• **Problem to work on**
Take the lines below from the one with "Industri asuransi jiwa" through the one with "HOTN3_1462.jpg" and print only them, exactly. Don't print the pictures.

Record excerpts Block Start

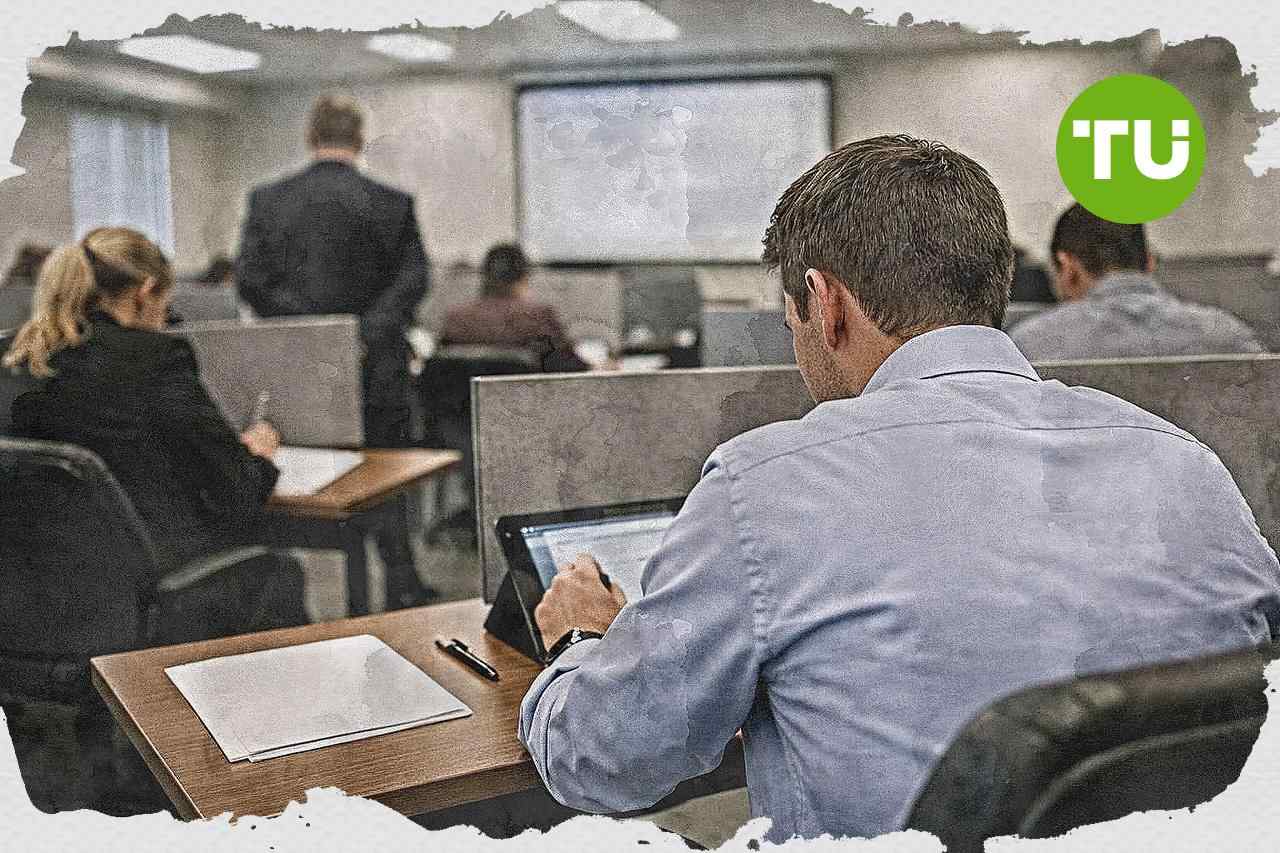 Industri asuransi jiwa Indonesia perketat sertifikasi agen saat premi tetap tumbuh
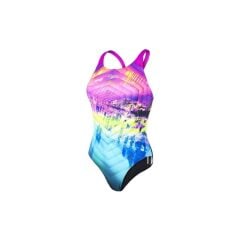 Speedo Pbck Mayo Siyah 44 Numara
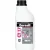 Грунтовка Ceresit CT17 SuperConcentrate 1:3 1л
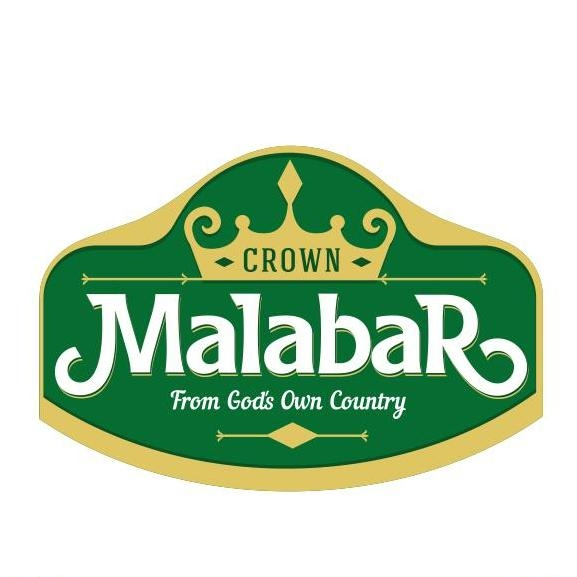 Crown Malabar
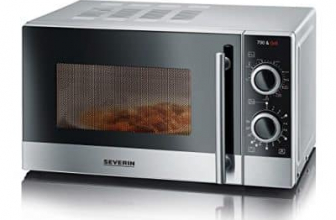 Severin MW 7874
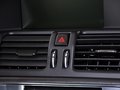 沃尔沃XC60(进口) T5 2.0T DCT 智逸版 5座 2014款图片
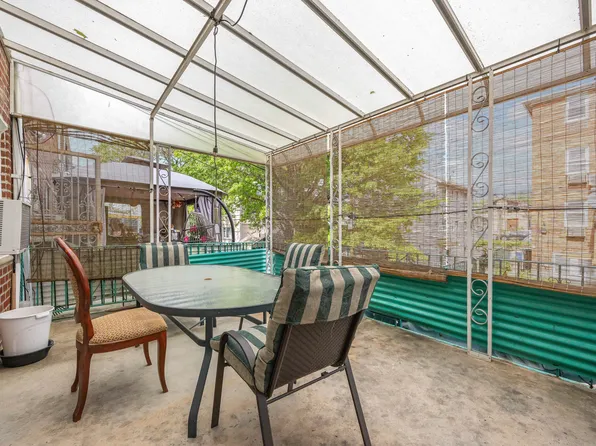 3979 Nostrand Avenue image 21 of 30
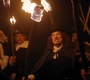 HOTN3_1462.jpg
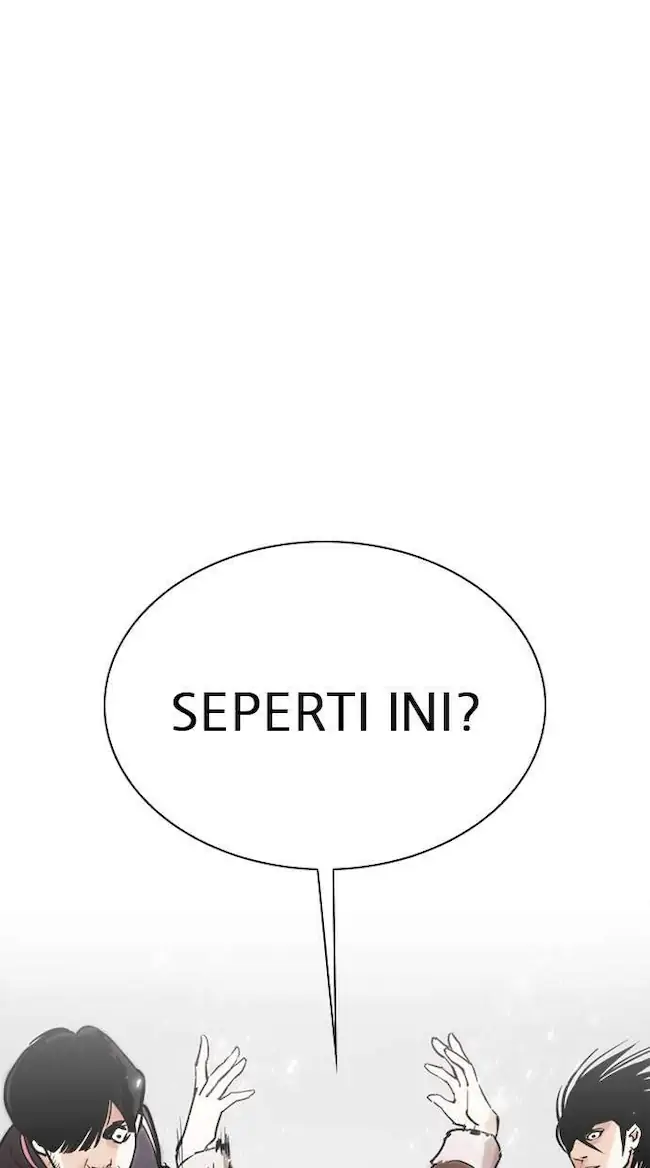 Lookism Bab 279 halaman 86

Record excerpts Block End
Record excerpts Block Start

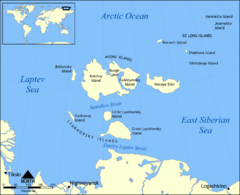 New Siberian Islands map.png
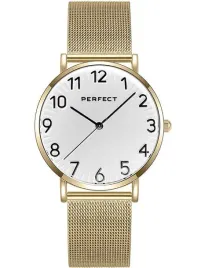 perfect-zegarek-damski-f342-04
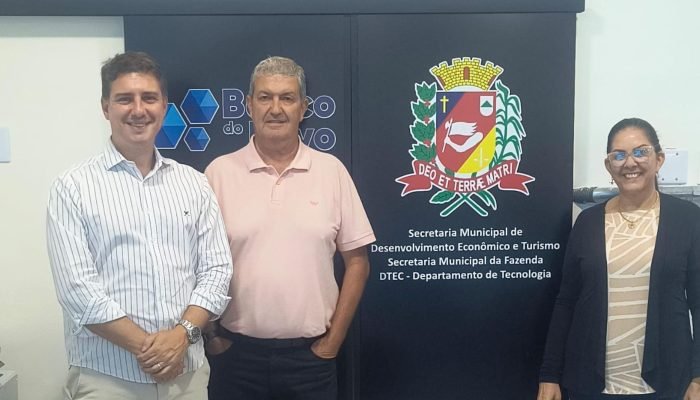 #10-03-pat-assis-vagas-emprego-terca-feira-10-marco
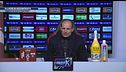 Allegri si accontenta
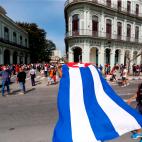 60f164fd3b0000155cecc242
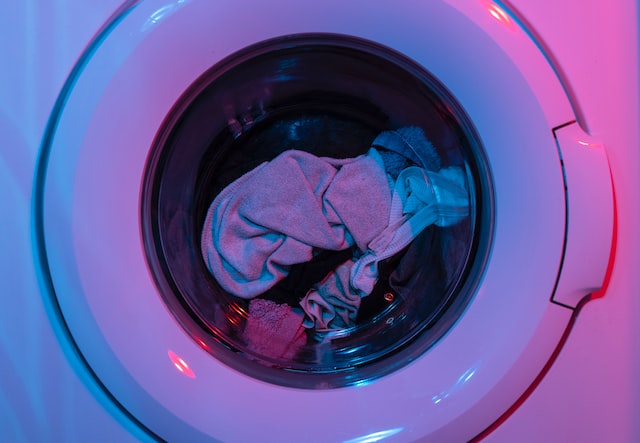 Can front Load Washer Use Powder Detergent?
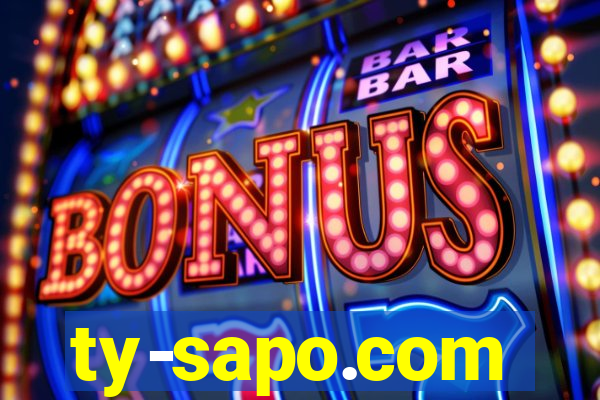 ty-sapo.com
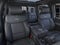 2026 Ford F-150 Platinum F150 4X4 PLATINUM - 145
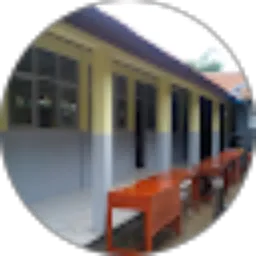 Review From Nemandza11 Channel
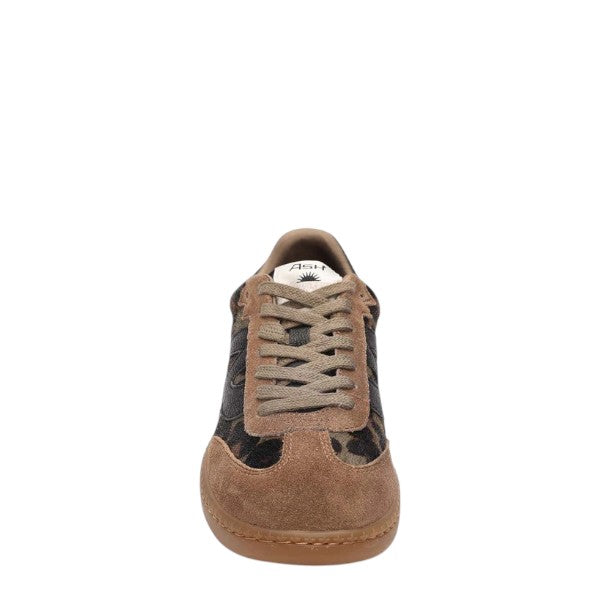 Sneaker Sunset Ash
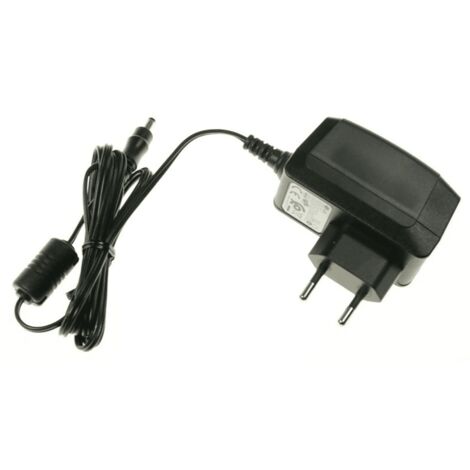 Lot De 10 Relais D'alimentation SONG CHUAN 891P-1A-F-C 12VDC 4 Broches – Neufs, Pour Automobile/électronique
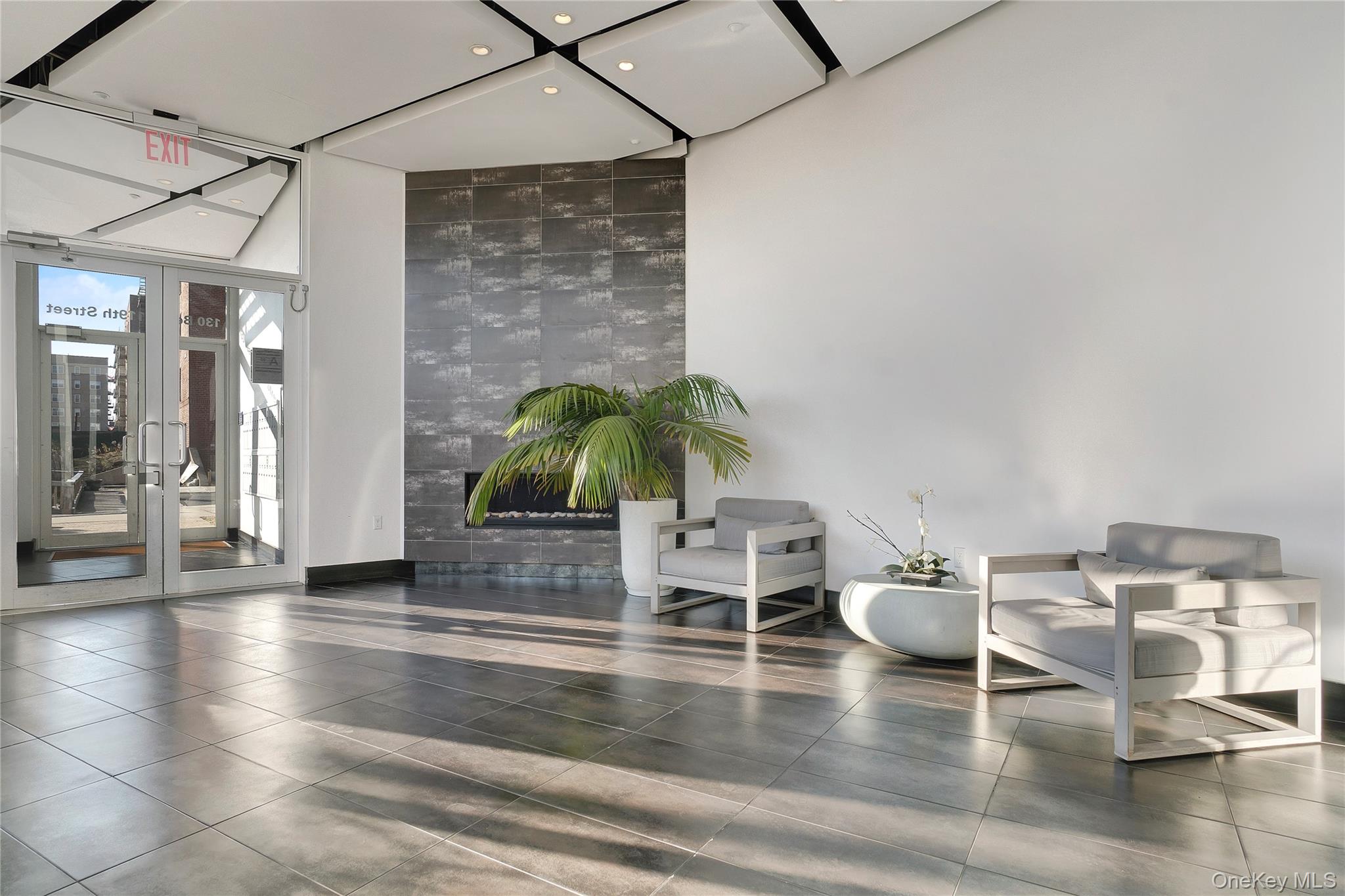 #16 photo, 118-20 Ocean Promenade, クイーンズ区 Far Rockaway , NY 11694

Record excerpts Block End
Record excerpts Block Start

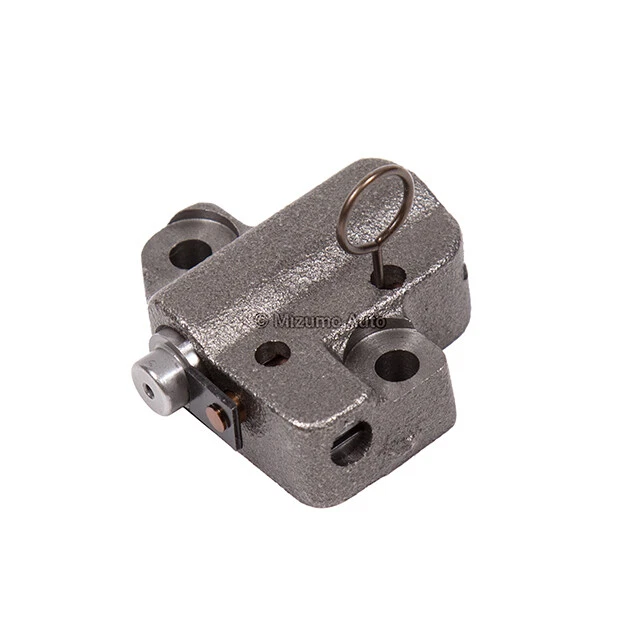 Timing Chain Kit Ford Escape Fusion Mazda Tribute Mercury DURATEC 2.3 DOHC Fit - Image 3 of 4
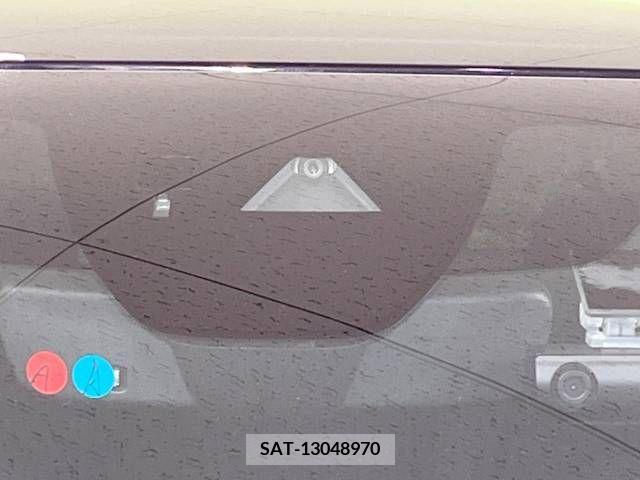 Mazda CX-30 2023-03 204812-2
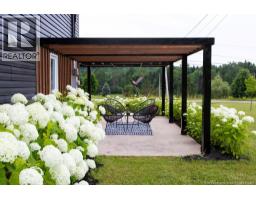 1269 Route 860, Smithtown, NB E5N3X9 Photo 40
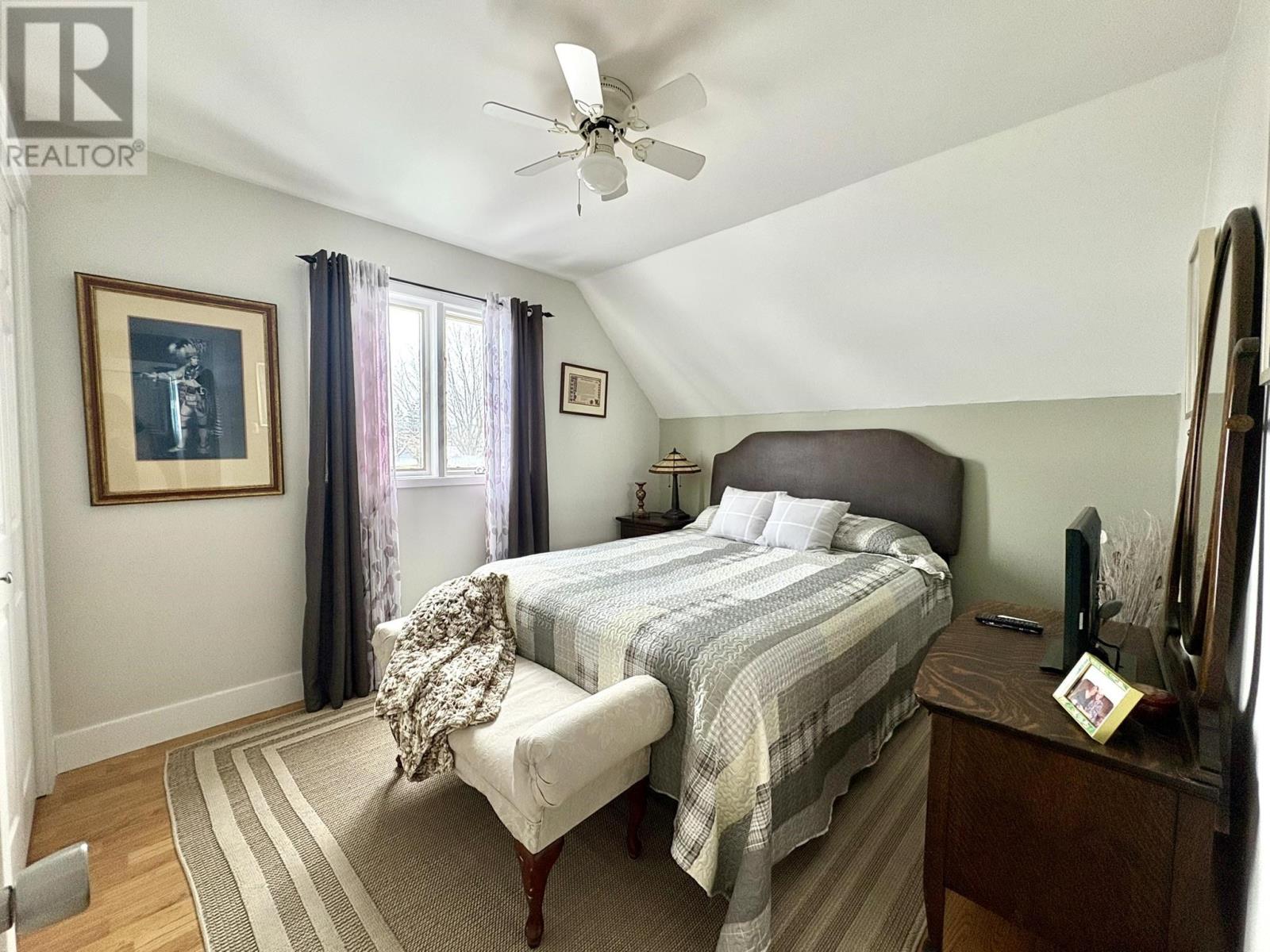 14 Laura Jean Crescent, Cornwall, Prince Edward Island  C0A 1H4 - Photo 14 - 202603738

Record excerpts Block End

• **Reply to the task**
 Industri asuransi jiwa Indonesia perketat sertifikasi agen saat premi tetap tumbuh
 Speedo Pbck Mayo Siyah 44 Numara
 Грунтовка Ceresit CT17 SuperConcentrate 1:3 1л
 Crown Malabar
 Severin MW 7874
 沃尔沃XC60(进口) T5 2.0T DCT 智逸版 5座 2014款图片
 3979 Nostrand Avenue image 21 of 30
 HOTN3_1462.jpg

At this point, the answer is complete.